Ahead of a joint meeting on youth unemployment between French and German finance and employment ministers in Paris tomorrow, S&D Group leader Hannes Swoboda called for an "effective and adequately financed youth guarantee".*
In a letter sent to the French and German ministers, he urged them to extend the scope of the youth guarantee to include all young people up to the age of 30 and to increase the funding from the €6 billion proposed so far.
He stressed: "The scope of the youth guarantee should be broadened to match the reality of youth unemployment: the guarantee should include young people under the age of 30.
"Otherwise we will leave behind almost half of the EU's young unemployed people."
He also underlined the need to act quickly, urging the EU to mobilise the €6 billion already agreed by the European Council as soon as 2014.
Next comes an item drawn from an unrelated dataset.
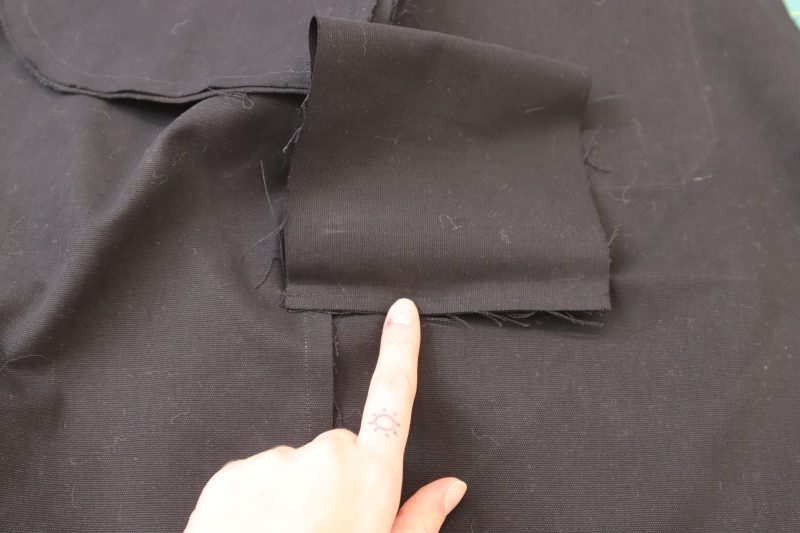 How To Sew Bottom Welt Pocket Lining - Cotton Canvas - Mood Fabrics - Clarkston Carpenter Pants Free Sewing Pattern Tutorial - MDF503 - Mood Fabrics Sewciety Blog - Sew the bottom of the welt lining to the raw edge of the welt.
The S&D Group president also sent a clear warning that this sum is not enough: "The International Labour Organisation has estimated that at least €21 billion is needed to deliver on the youth guarantee – in the eurozone alone", he writes.
He urged them to agree to reprogramme EU funds to meet the goal of reducing youth unemployment.
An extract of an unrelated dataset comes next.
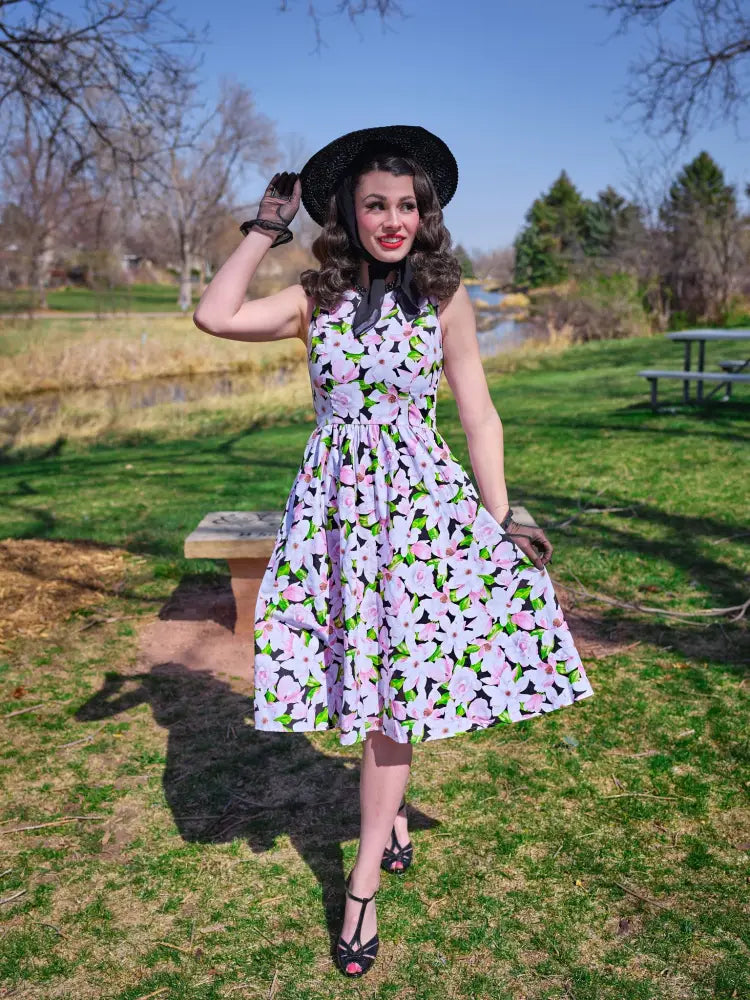 A sleeveless black cotton midi dress with vibrant pink floral pattern green leaves and pockets in 1950s style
"A part of the European social fund (ESF) budget for 2013 should be retargeted and this is an opportunity to get started and test the youth guarantee now."
He also called for the role of the European Investment Bank (EIB) to be reinforced, through measures such as: "linking loans or lower interest rates to the creation of jobs and training places, or supporting the development of dual education systems (combining academic studies with practical skills) in southern Europe".
"But this money has to supplement, not replace, the use of EU funds in the form of grants", he added.
In his letter, Hannes Swoboda also restated his "deep conviction" that "the only true remedy for the scourge of mass unemployment among our young people is the transition towards sustainable growth".
"Your meeting is an important opportunity to begin to rewrite that script and to show that the EU can indeed rise to the challenge and respond to the suffering of the millions of Europe's young unemployed who are the hapless casualties of a crisis not of their making", he concluded.
*According to the European agreement, young people under 25 would be offered a good-quality offer of employment, continued education, an apprenticeship or a traineeship within four months of becoming unemployed or leaving formal education.